Task to carry out – The lines to copy run from the one containing "ALLSAINTS Cozy Wool Sweater" to the last line of the entries; output those lines exactly and only them, without pictures.

Available records –
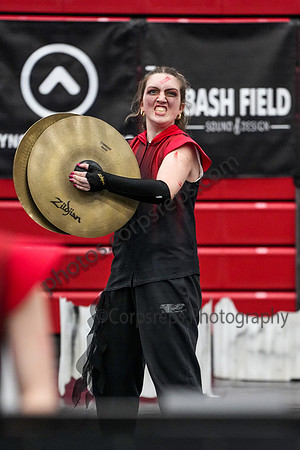 Penn Manor Drumline_250329_Hatboro-Horsham-04043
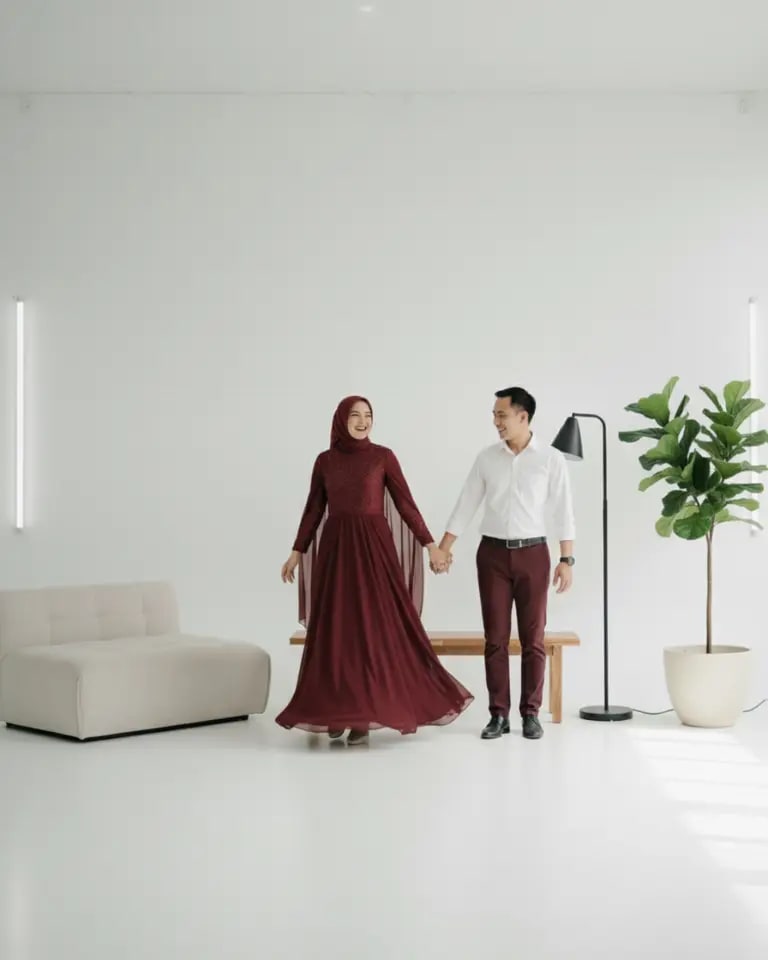Menjalin Hubungan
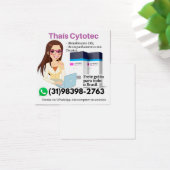 Cytotec Misoprostol compra segura (Schreibtisch)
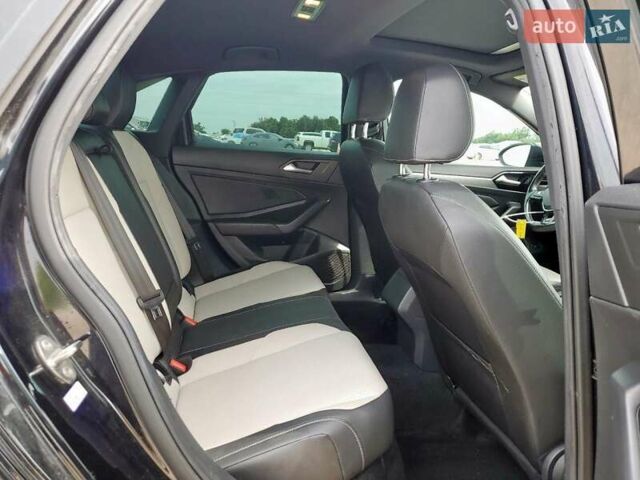 Чорний Фольксваген Джетта, об'ємом двигуна 1.4 л та пробігом 110 тис. км за 2700 $, фото 9 на Automoto.ua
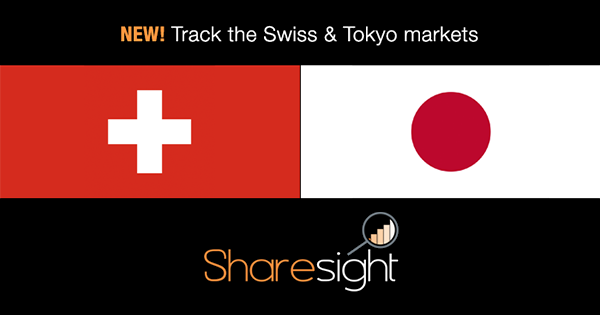 Swiss Tokyo Markets - Featured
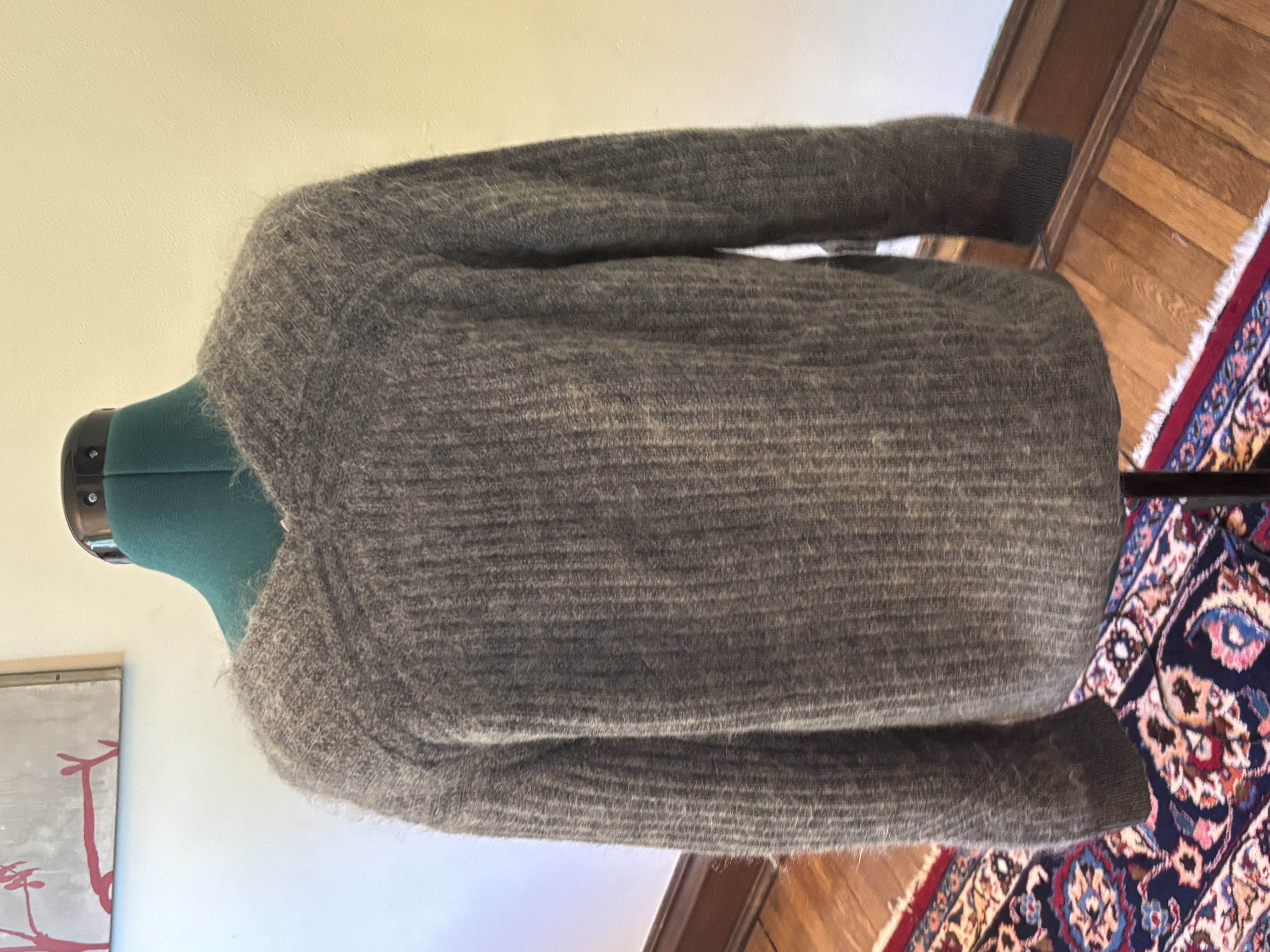 ALLSAINTS Cozy Wool Sweater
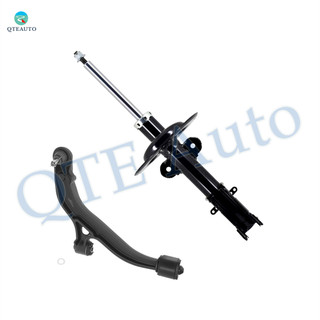 Front Right Lower Control Arm Ball Joint-Suspension Strut Assembly For 2001-2003 Chrysler Voyager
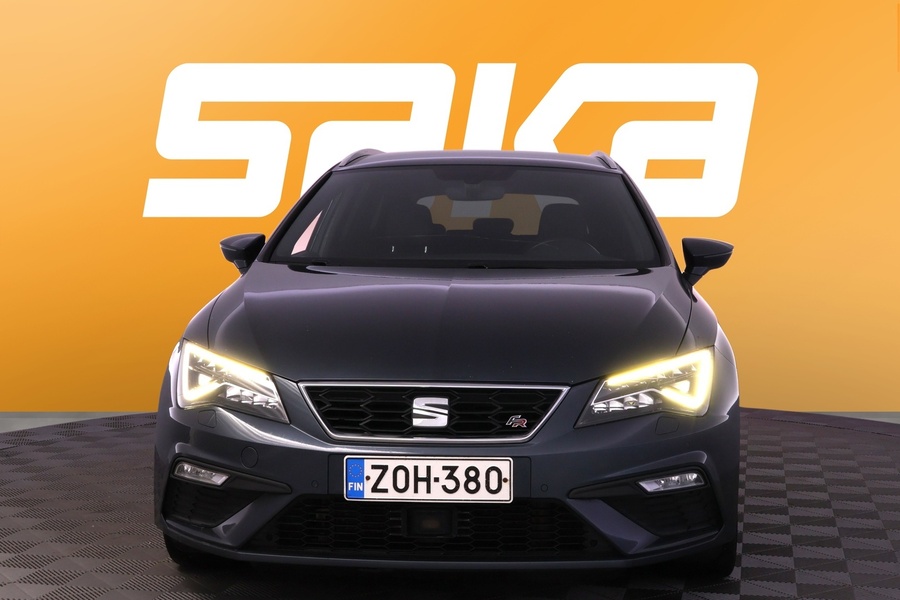 SEAT Leon ST vaihtoauto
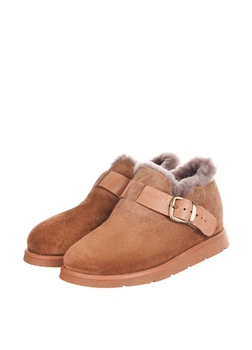 Зимові черевики 31605_beige AQUAMARIN 38(р)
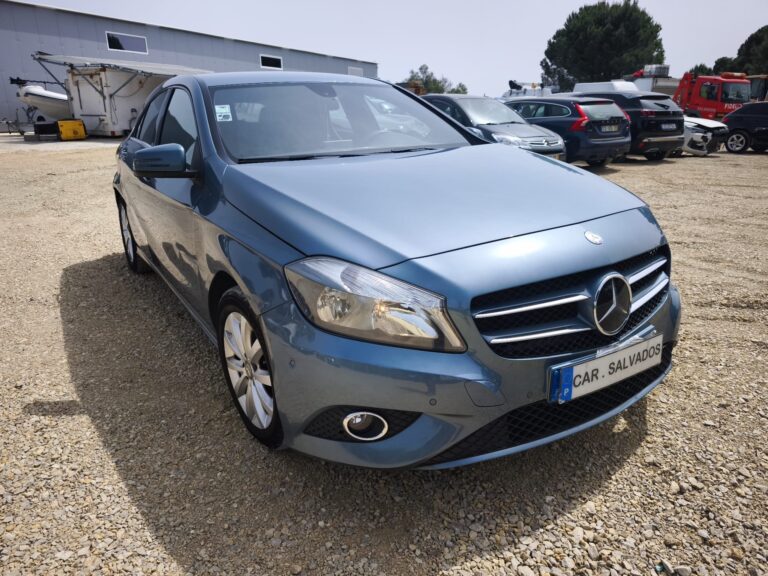 Mercedes A 180 CDI (5)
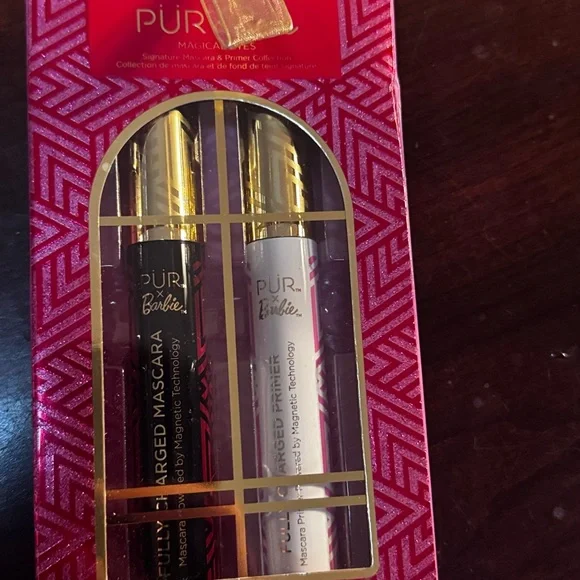 Pur Barbie Makeup Collection - Pink and Red Shades - Picture 10 of 12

Solution –
 ALLSAINTS Cozy Wool Sweater
 Front Right Lower Control Arm Ball Joint-Suspension Strut Assembly For 2001-2003 Chrysler Voyager
 SEAT Leon ST vaihtoauto
 Зимові черевики 31605_beige AQUAMARIN 38(р)
 Mercedes A 180 CDI (5)
 Pur Barbie Makeup Collection - Pink and Red Shades - Picture 10 of 12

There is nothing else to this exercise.